Perciò quando leggiamo «Non uccidere», se non lo riteniamo detto anche per le piante, perché non hanno sensibilità, non lo è neppure per i rettili, i volatili, gli animali natanti e deambulanti, perché a loro non è dato di avere in comune con noi la razionalità. Perciò, per rettissima disposizione del Creatore, la loro vita e la loro morte è subordinata al nostro uso; resta perciò che intendiamo solo dell'uomo quel «Non ucciderai»; non puoi uccidere un altro uomo, perciò neppure te stesso. Infatti chi uccide se stesso, non uccide altro che un uomo... tutti coloro che hanno perpetrato in se stessi questo crimine, sono forse da ammirare per la grandezza d'animo, ma non sono certo da lodare per saggezza. Quantunque, se interroghi con piú diligenza la ragione, non puoi parlare giustamente di grandezza d'animo, quando qualcuno, che non sa sopportare la sorte aspra o le colpe altrui, uccide se stesso. È segno piuttosto di mente inferma, che non riesce a sopportare o la dura schiavitú del corpo, o la stolta opinione del volgo; e si deve giustamente dire che è maggiore la grandezza d'animo di chi sa sopportare una vita travagliata, piuttosto che fuggirla, e sa disprezzare il giudizio umano - soprattutto del volgo, tutto avvolto per lo piú nella caligine dell'errore - per la purezza e la luminosità della sua coscienza...

Vi sono molti che si sono uccisi per non cadere nelle mani dei nemici.

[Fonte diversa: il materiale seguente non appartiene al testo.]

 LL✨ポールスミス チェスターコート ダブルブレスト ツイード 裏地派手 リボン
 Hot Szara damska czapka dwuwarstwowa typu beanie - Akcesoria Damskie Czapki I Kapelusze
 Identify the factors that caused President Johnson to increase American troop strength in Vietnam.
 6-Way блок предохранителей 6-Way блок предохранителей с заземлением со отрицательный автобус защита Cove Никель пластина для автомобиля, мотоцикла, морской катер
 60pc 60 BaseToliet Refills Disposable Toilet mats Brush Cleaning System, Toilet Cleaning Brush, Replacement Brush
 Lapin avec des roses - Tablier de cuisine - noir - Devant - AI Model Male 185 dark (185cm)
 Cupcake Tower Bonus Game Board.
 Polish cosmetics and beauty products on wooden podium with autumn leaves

Non chiediamo solo se ciò fu fatto, ma se si doveva fare: la ragione retta, infatti, deve essere anteposta anche agli esempi; ma con essa concordano altri esempi, quelli cioè tanto piú degni di imitazione, quanto piú eccellenti per religiosità. Non fecero cosí i patriarchi, non i profeti, non gli apostoli: lo stesso Signore Cristo, quando li ammoní di fuggire di città in città nella persecuzione, poteva anche esortarli a infierire contro se stessi per non cadere nelle mani dei persecutori. Ma se egli ciò non comandò, né ammise che in questo modo emigrassero dalla vita coloro a cui aveva promesso di preparare in cielo dimore eterne, qualsiasi esempio ci oppongano i pagani che ignorano Iddio, è chiaro che non è lecito seguirlo agli adoratori dell'unico e vero Dio...

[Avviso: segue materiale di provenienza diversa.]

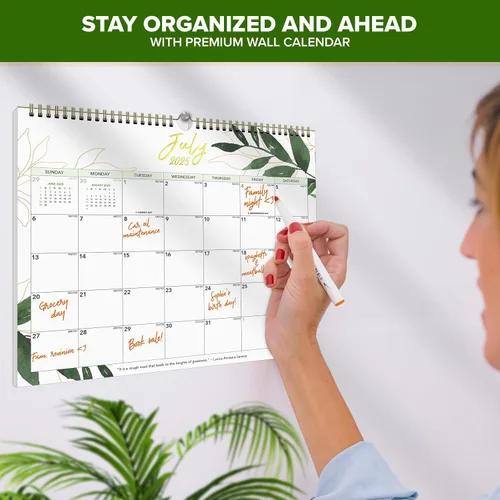 Miniatura 6 de Decorably Calendario académico de 18 meses de vegetación dorada de 18 meses 2025 de julio de 2025 a diciembre de 2026, calendario de pared verde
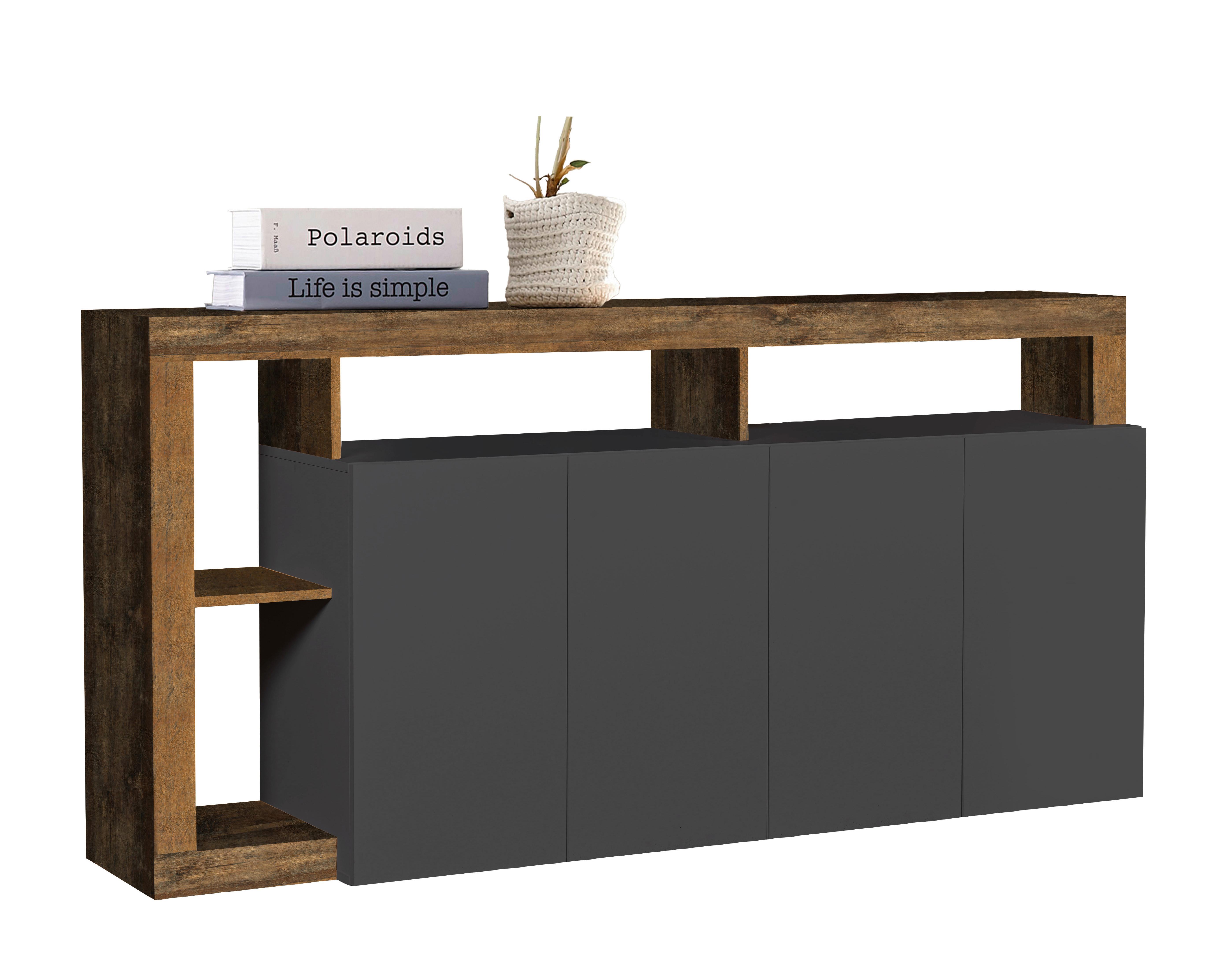 Komoda DALLAS - antracitová, Konvenční, kompozitní dřevo (184/93/42cm)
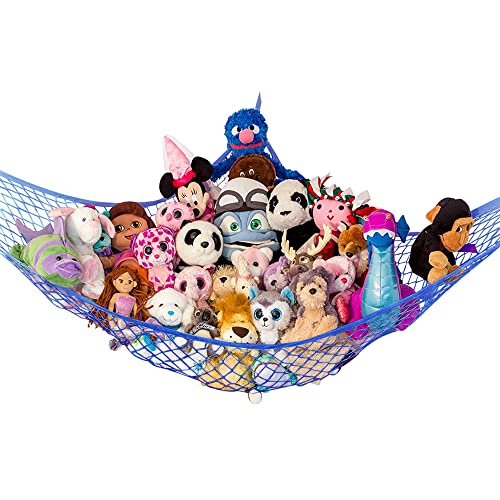 Image of Stuffed Animal Hammock, Large | Corner Stuffed Animal Storage & Plushie Net | Toy Hammock for Stuffed Animals | Holds 12lbs | Easy Hang, All Hardware Included | Blue Bedroom Decor | by Lilly's Love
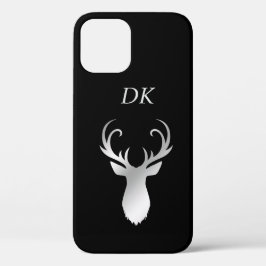 Monogram Silver Antler Deer Silhouette Case-Mate iPhone Case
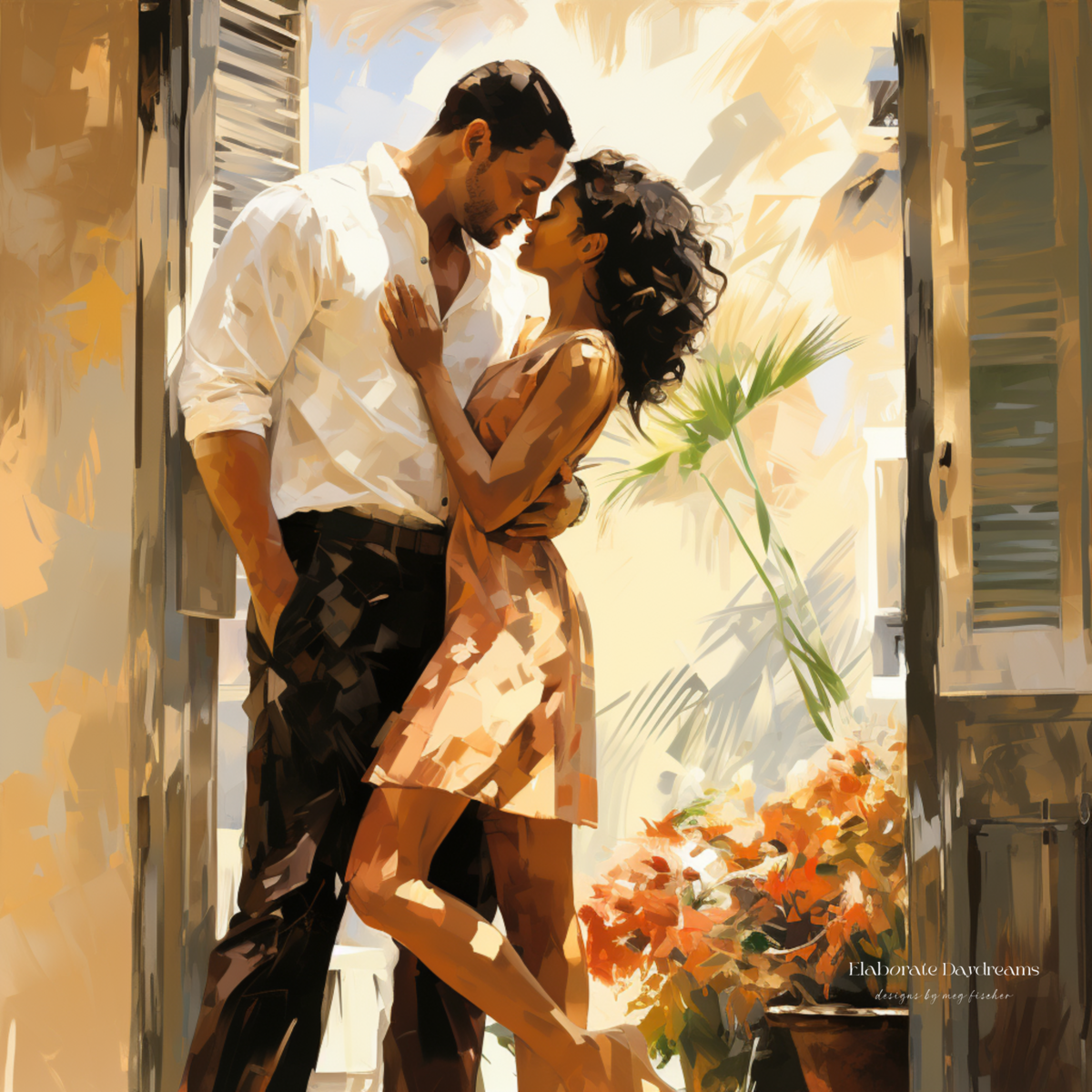 An illustrated picture of a cisgender couple embracing in a watercolor style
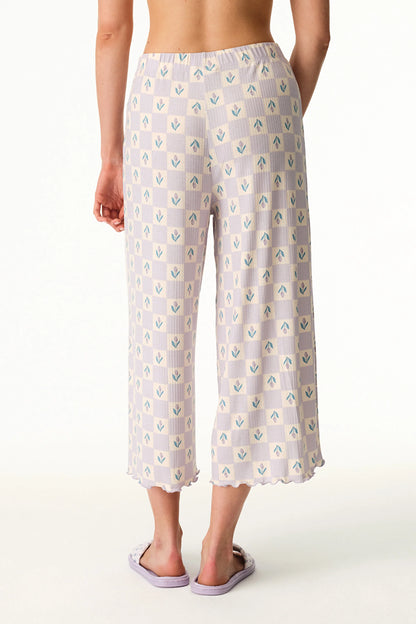 Lila Ella Desenli Kapri Pijama Altı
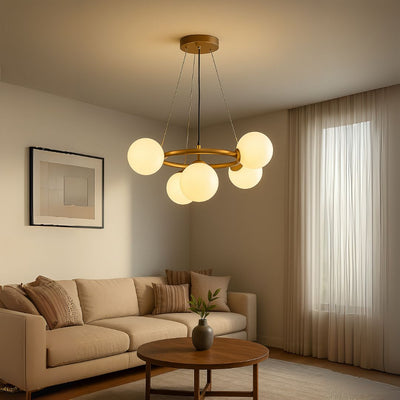 Lustre de chambre LOFT, 5x G9, or blanc, métal, hauteur réglable, moderne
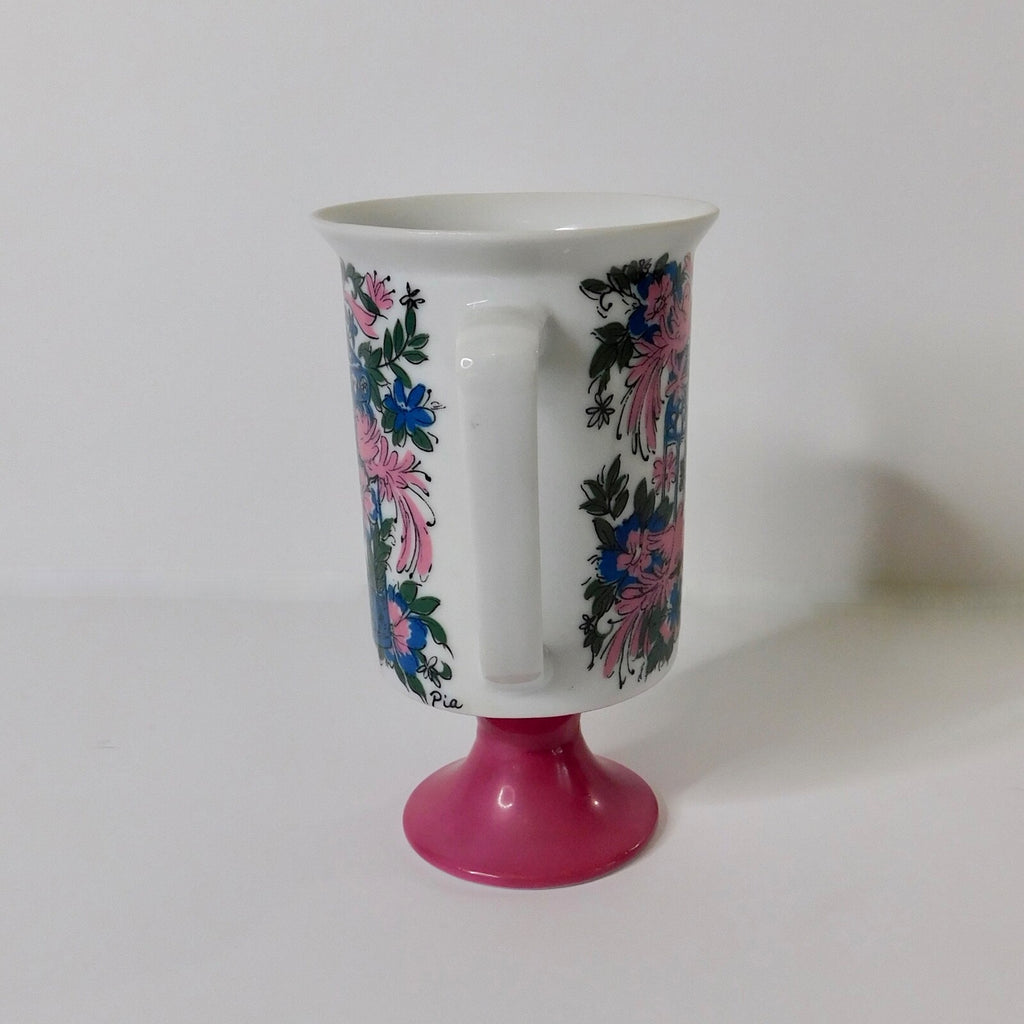 Vintage ARNART 5th Ave Birds Floral Footed Pedestal Mug Coffee Tea Pink White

Vi furono uomini fortissimi e nobilissimi, difensori della patria terrena, cultori non fallaci degli dei purtroppo falsi, fedelissimi ai loro giuramenti, che seppero uccidere, per consuetudine e per diritto di guerra, i nemici vinti; vinti a loro volta dai nemici, non vollero uccidere se stessi, e pur non temendo affatto la morte, preferirono sopportare il nemico vincitore che dar morte a se stessi. Tanto piú i cristiani, che adorano il Dio vero e aspirano alla patria superna, si tratterranno da questo delitto, se la disposizione divina, per metterli alla prova o purificarli, li assoggetterà per qualche tempo ai nemici. Nella loro umiliazione non li abbandona l'Altissimo, che per loro è venuto in tanta umiliazione; e principalmente quelli che nessuna potestà militare né codice di guerra obbliga a uccidere il nemico vinto. Che errore perverso è dunque questo che va diffondendosi: che un uomo cioè uccida se stesso, o perché il nemico peccò contro di lui, o perché non pecchi, pur non osando uccidere lo stesso nemico che peccò o che peccherà?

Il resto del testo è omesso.